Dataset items
○ ○ ○ ○

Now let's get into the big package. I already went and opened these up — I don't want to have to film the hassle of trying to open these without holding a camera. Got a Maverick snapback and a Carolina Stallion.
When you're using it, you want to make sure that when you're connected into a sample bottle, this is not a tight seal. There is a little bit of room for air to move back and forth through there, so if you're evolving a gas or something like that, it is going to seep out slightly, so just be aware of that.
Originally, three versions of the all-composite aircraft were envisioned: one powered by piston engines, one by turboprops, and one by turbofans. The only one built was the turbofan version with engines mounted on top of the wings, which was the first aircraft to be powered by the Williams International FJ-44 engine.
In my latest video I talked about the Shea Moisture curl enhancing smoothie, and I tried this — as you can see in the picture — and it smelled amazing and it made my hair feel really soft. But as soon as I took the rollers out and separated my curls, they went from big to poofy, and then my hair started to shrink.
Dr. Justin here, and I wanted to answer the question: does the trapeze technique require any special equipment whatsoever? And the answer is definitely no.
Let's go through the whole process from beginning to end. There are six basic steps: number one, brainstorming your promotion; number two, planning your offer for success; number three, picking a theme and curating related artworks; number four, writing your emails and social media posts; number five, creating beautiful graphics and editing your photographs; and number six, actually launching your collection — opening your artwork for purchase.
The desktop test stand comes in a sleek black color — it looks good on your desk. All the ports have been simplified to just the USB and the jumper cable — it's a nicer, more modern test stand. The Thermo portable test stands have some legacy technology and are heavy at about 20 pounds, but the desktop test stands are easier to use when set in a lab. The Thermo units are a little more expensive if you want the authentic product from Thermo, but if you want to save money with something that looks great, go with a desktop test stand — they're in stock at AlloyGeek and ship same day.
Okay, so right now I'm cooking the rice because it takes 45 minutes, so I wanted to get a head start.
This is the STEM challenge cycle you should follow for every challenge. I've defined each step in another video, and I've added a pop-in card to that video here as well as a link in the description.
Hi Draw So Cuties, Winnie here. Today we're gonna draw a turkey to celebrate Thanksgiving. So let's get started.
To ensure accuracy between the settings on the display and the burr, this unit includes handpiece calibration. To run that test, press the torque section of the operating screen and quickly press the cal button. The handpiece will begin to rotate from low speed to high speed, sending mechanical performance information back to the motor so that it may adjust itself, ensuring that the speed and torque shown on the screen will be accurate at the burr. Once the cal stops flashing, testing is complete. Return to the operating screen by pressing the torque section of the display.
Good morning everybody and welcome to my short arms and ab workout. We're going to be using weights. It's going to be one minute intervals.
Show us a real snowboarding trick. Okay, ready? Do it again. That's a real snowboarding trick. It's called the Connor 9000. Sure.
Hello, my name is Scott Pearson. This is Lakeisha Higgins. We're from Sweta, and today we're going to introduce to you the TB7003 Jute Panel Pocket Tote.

○ ○ ○ ○

__WHAT YOU ARE ASKED TO DO__:
Filter the data above by the word "your" and copy every line that matches.

__ANSWER FOR THIS EXERCISE__:
Let's go through the whole process from beginning to end. There are six basic steps: number one, brainstorming your promotion; number two, planning your offer for success; number three, picking a theme and curating related artworks; number four, writing your emails and social media posts; number five, creating beautiful graphics and editing your photographs; and number six, actually launching your collection — opening your artwork for purchase.
The desktop test stand comes in a sleek black color — it looks good on your desk. All the ports have been simplified to just the USB and the jumper cable — it's a nicer, more modern test stand. The Thermo portable test stands have some legacy technology and are heavy at about 20 pounds, but the desktop test stands are easier to use when set in a lab. The Thermo units are a little more expensive if you want the authentic product from Thermo, but if you want to save money with something that looks great, go with a desktop test stand — they're in stock at AlloyGeek and ship same day.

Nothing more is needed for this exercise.